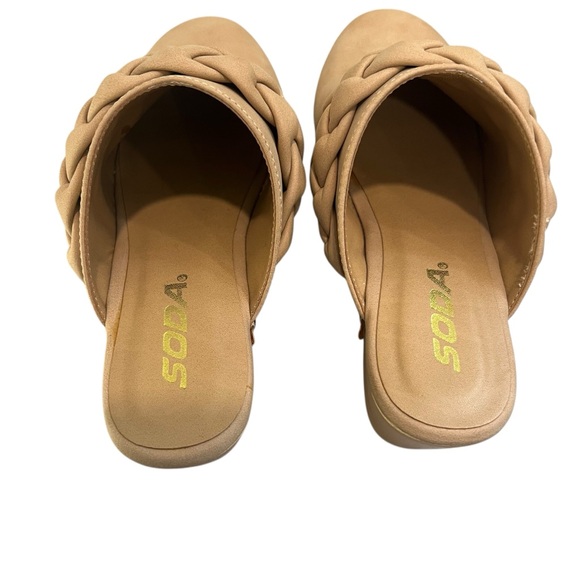 Soda Morel Womens Tan Beige Wood Chunky Heel Clogs Size 6 - Picture 3 of 6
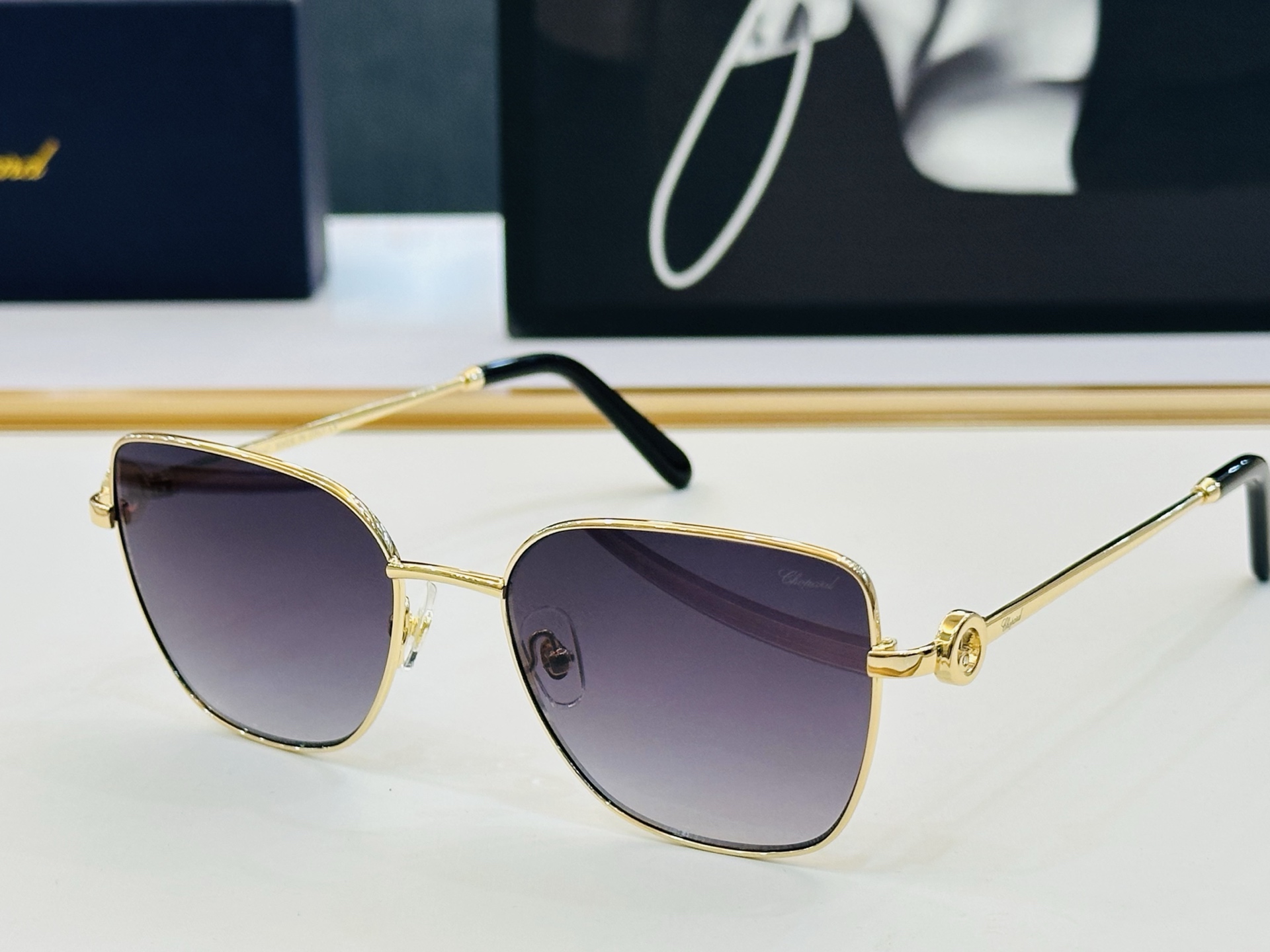 原版 ChoPard肖邦 MODEL VCHL59S Size：54口18-145  以现代时尚的设计风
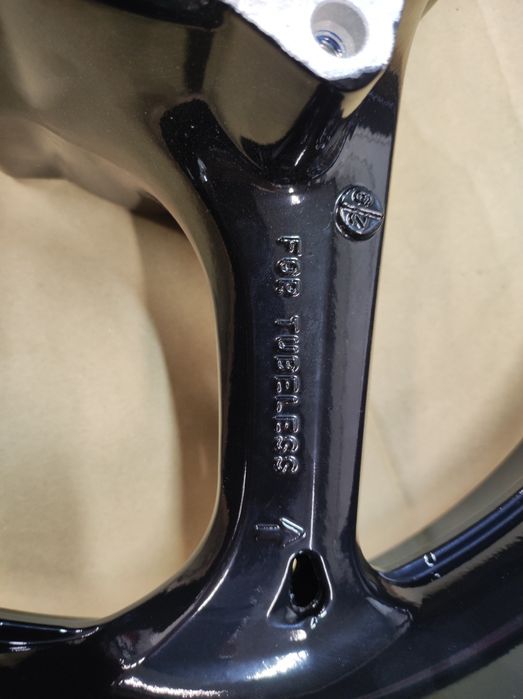 Колесо перед  Suzuki gsr 400/600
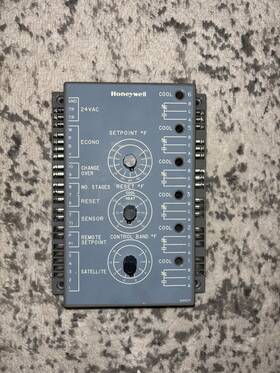 Honeywell W7001a1053 W7100a 1053 Discharge Air Controller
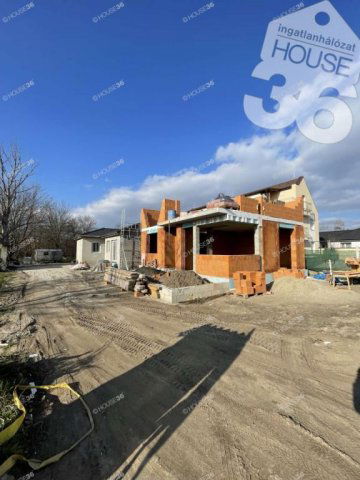 Eladó ikerház, Kecskeméten 75 M Ft, 4 szobás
---
● **Work task**: Restate each entry word for word; pictures stay out of the copy.

● **Exercise solution**:
 Soda Morel Womens Tan Beige Wood Chunky Heel Clogs Size 6 - Picture 3 of 6
 原版 ChoPard肖邦 MODEL VCHL59S Size：54口18-145  以现代时尚的设计风
 Колесо перед  Suzuki gsr 400/600
 Honeywell W7001a1053 W7100a 1053 Discharge Air Controller
 Eladó ikerház, Kecskeméten 75 M Ft, 4 szobás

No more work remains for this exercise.